▸ **WHAT YOU ARE ASKED TO DO**:
Could you transcribe exactly the lines from the one containing "国際センター｜カウンター席で" through the end of the listing below, both included, but none of the pictures?

▸ **SUPPLIED MATERIAL**:

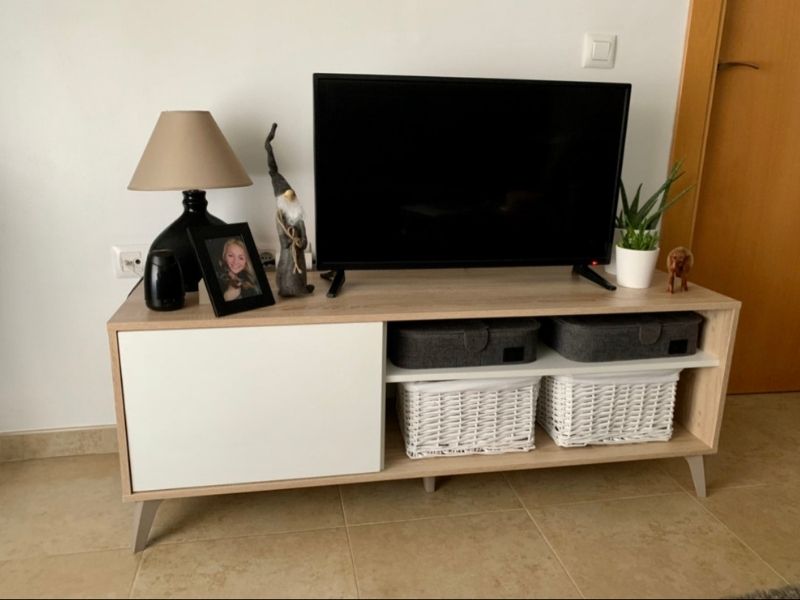 Foto de cliente de Mueble para TV Kikua Plus 135 cm con estante roble y blanco salón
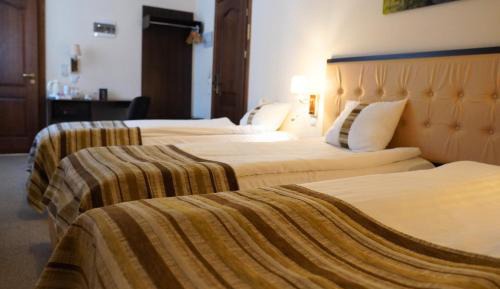 Economy Triple Room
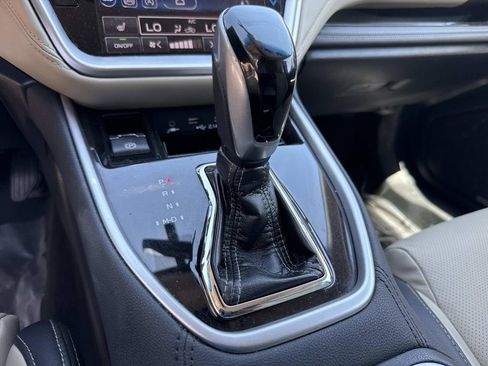 Used 2020 Subaru Outback Limited AWD/4WD image 37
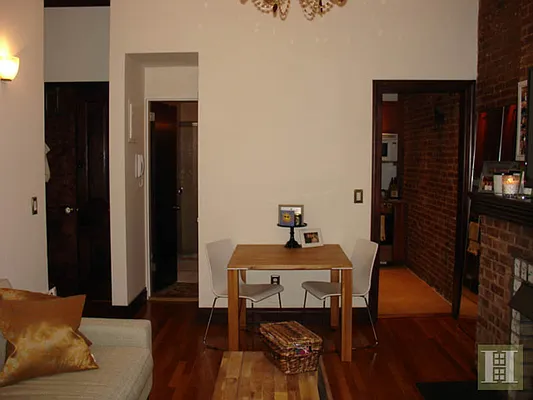 Rented by Halstead Real Estate | media 14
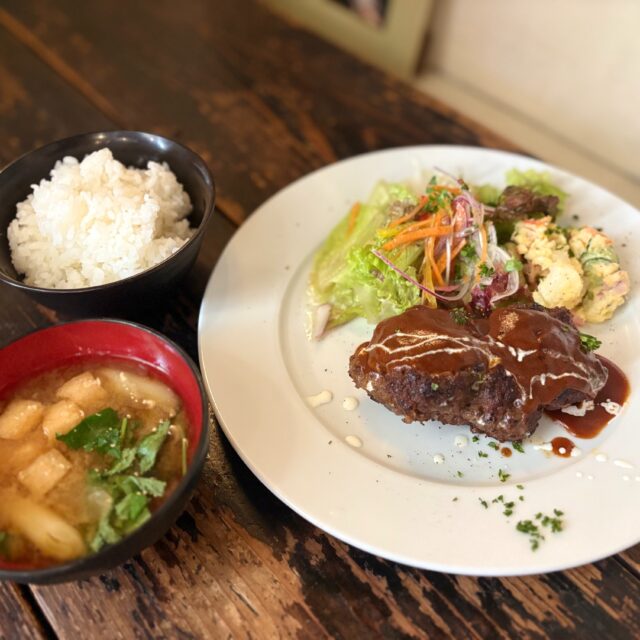 国際センター｜カウンター席で気軽にソロランチ！牛肉100%ハンバーグが味わえる商店街の人気バル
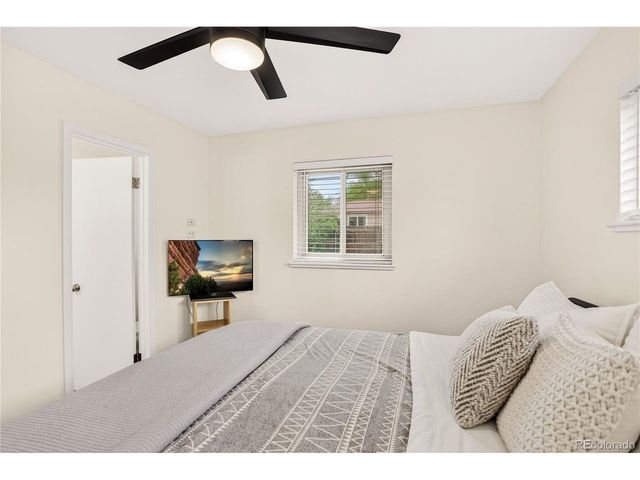 1223 S Eaton St, Lakewood, CO 80232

▸ **EXERCISE OUTPUT**:
 国際センター｜カウンター席で気軽にソロランチ！牛肉100%ハンバーグが味わえる商店街の人気バル
 1223 S Eaton St, Lakewood, CO 80232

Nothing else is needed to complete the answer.